I do not have the same affection. Franny and Zooey, originally published in book-form in 1961 after appearing as stories in The New Yorker in the mid50s, is about the fabulous Glass family and young Franny’s existential crisis. Yawn.

Call me a heretic, but two-hundred pages of people talking gets to be a drag after about 100 pages. I was with Salinger during “Franny” while she has a bit of nervous breakdown that may or may not be influenced by (what seemed to me obvious) an unplanned pregnancy. Franny’s at lunch with her boyfriend Lane an Ivy-leaguer/pompous blowhard who spends the meal yammering on about how brilliant he is. Franny will have none of it and tears into his egocentric phony bullshit. It’s pretty awesome. Besides that, there’s all the delicious 50s-ness of the story and the smoking and the three martini lunch. Franny’s a-okay in my book.

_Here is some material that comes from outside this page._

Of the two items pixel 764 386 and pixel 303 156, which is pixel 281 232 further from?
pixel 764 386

But then we come to “Zooey.” This novella is a confusing mash of what the hell. It starts with an introduction by Buddy (#2 of the seven brilliant, beautiful Glass children) about how he’s writing this story after being told about the incident portrayed in the story.

We then join Zooey soaking in the bathtub reading a long letter from Buddy (all of which is introduced by Buddy, because there’s nothing quite like being told what’s going to happen before it happens). After Zooey finishes the letter he is joined in the bathroom by his mother, Bessie. She’s in a tizzy because Franny’s having a crisis and is currently sleeping on the couch. The scene in the bathroom between Zooey and Bessie is great, fraught with delicious tension and action that goes a long way to telling us about their characters.

Sadly though, they eventually leave the bathroom and thus begins a very long, very boring conversation between Franny who sits on the couch, pets a cat, and occasionally blows her nose, and Zooey who intermittently sits at a piano and lays on the floor. They talk about their weird childhood (basically being raised by Eastern-religion obsessed eldest brothers Seymour and Buddy), egotism, phoniness, and The Way of the Pilgrim (the book that triggers Franny’s crisis). While getting bits of the Glass family history is interesting, listening to two 20somethings wax philosophically about religion is not.

Zooey’s story seems to exist only so Salinger can work through his own spiritual issues, and frankly, I didn’t care.